The full listing should be written out verbatim, and its images should be dropped.

---------- Supplied data ----------

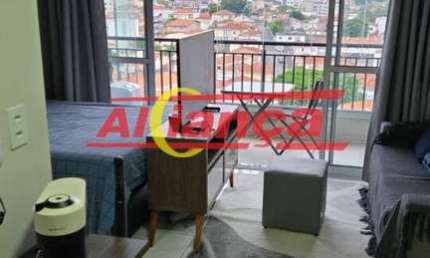 Estúdio de 30m² à venda Perto do Metrô Parada Inglesa
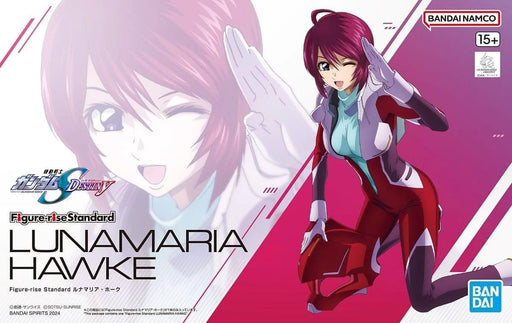 Figure-Rise Standard Lunamaria Hawke - Gunpla - Bandai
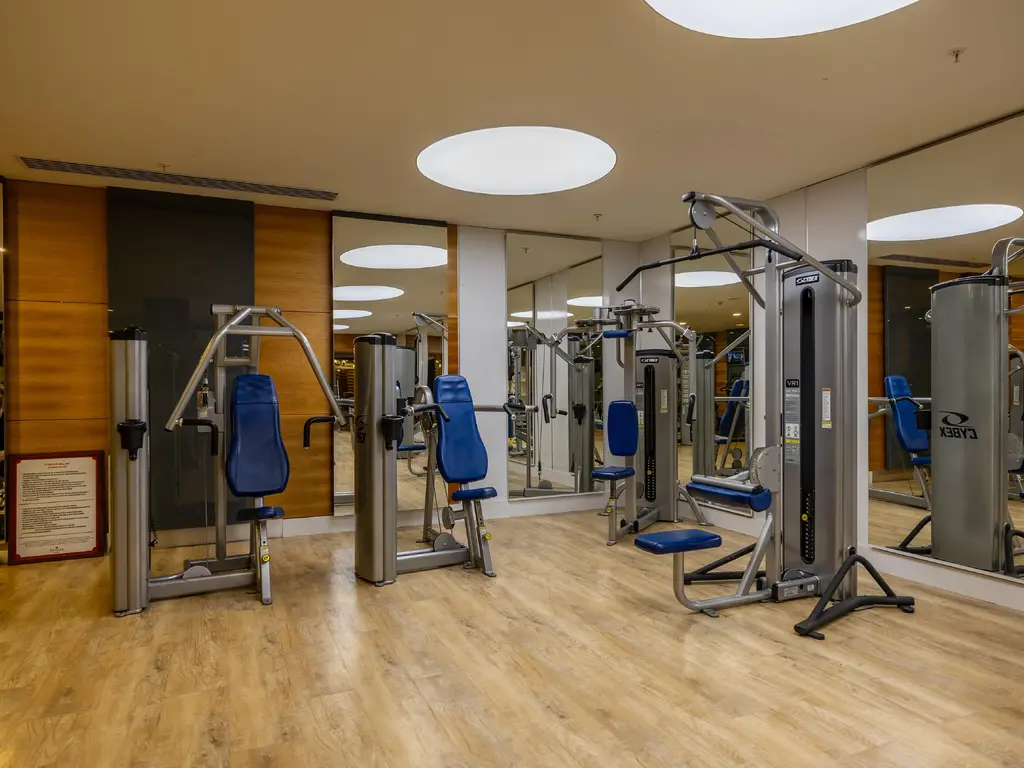 Снимка 34 - Ramada Resort Kusadasi & Golf - Кушадасъ, Турция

----------

* **Response below**:
 Estúdio de 30m² à venda Perto do Metrô Parada Inglesa
 Figure-Rise Standard Lunamaria Hawke - Gunpla - Bandai
 Снимка 34 - Ramada Resort Kusadasi & Golf - Кушадасъ, Турция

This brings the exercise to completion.